India’s first mission to the Moon is underway, after a clockwork launch of its uprated Polar Satellite Launch Vehicle (PSLV-C11) from this Indian Space Research Organization (ISRO) facility in the Bay of Bengal.

Liftoff of the four-stage rocket came at 6:22 a.m. local time (8:52 p.m. Oct. 21 EDT), after a 52-hour countdown. Launch occurred from the new Second Launch Pad on the facility at Sriharikota Island, about 80 km. north of Chennai.

The 1,380-kilogram (3,042-pound) spacecraft reached its 255-by-22,860-kilometer transfer orbit, inclined 17.9 degrees, using twin uprated strap-on boosters carrying 12 metric tons of solid fuel instead of the standard nine metric tons. It was the 14th launch of the PSLV.

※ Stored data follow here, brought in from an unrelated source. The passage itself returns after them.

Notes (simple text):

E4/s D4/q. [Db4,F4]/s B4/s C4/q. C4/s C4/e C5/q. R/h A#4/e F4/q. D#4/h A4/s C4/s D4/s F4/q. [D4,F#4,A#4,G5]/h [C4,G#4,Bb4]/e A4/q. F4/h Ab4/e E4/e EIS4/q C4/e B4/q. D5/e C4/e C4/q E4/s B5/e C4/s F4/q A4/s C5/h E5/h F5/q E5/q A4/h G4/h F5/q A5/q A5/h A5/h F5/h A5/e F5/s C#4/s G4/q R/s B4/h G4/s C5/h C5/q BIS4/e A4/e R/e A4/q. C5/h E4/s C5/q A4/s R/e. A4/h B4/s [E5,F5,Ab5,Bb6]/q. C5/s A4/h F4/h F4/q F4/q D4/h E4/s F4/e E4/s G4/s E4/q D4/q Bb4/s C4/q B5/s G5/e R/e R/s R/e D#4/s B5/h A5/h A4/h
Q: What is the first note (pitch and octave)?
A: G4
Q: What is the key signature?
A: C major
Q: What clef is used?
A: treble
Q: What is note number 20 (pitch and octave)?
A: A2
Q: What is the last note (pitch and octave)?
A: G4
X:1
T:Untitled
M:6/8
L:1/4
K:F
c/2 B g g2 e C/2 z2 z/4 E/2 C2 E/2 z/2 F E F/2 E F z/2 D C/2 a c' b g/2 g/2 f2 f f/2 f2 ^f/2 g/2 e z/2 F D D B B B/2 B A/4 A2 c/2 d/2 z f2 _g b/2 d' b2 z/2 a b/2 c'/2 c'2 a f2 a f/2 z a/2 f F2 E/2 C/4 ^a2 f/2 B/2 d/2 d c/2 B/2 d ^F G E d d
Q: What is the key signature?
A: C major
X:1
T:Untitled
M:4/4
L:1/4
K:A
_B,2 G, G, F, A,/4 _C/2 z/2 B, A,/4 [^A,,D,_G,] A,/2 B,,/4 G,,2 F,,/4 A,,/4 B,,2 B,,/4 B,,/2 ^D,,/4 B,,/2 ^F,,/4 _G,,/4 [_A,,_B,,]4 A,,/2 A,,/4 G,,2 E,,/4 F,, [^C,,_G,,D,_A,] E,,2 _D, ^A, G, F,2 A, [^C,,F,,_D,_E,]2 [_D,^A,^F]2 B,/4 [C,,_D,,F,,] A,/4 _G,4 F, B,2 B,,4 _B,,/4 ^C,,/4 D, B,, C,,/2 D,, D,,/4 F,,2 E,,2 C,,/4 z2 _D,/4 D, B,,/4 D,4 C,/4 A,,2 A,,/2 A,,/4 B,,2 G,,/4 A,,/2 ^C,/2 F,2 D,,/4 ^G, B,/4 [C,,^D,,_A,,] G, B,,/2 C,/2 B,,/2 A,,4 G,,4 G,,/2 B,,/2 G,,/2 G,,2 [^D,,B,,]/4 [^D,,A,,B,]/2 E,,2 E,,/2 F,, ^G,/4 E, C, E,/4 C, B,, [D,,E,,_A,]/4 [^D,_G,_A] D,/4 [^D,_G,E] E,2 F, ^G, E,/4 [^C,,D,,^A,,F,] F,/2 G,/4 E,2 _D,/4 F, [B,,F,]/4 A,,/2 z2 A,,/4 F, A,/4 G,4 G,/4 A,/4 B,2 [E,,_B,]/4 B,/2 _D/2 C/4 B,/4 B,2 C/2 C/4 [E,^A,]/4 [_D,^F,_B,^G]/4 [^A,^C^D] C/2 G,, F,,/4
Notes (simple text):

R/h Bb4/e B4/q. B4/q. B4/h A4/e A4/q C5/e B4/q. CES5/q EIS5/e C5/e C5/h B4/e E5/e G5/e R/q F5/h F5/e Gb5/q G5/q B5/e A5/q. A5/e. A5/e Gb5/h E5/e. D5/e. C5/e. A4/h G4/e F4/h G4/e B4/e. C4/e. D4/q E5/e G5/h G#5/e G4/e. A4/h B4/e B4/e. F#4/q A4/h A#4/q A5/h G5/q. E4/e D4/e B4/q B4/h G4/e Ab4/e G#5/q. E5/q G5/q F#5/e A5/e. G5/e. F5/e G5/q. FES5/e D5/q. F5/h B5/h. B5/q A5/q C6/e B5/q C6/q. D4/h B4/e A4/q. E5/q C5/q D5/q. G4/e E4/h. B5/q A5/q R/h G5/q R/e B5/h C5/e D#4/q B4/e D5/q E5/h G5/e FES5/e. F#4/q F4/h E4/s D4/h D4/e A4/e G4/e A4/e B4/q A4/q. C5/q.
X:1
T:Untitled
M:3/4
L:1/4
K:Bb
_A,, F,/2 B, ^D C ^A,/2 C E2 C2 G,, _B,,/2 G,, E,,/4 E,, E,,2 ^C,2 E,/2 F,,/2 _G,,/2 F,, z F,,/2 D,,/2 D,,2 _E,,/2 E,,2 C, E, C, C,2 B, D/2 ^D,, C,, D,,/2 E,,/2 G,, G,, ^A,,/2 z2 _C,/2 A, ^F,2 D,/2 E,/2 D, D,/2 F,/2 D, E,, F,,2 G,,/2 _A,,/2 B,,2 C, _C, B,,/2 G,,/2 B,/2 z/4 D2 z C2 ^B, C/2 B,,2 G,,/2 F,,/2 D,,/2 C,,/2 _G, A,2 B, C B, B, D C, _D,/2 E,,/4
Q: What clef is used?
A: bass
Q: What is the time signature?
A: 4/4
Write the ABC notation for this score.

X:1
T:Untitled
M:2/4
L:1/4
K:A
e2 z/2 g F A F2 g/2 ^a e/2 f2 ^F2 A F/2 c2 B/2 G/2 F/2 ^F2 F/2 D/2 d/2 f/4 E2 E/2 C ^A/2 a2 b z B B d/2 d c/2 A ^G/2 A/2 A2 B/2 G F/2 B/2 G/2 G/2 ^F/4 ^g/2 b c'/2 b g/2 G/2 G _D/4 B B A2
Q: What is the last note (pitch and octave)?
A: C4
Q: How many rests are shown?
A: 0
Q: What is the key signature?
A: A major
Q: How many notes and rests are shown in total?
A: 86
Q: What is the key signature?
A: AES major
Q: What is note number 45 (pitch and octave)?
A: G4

Over the next eight days controllers in Bangalore will fire its Liquid Apogee Motor LAM several times to raise its apogee closer to lunar orbit, with a final kick from the LAM to send the probe to the Moon and another to slow it into lunar orbit at an altitude of a few hundred kilometers.

Once that orbit is circularized at 100 kilometers, the spacecraft’s Moon Impact Probe will be ejected. The impactor is designed to demonstrate technology for a future Indian soft landing on the Moon, and to collect high-resolution imagery.

Other instruments on the spacecraft – a mix of domestic and international hardware – will map the lunar surface and mineralogy. Among them are an Indian hyperspectral imager, and a prototype synthetic aperture radar provided by the Applied Physics Laboratory at Johns Hopkins University in the U.S.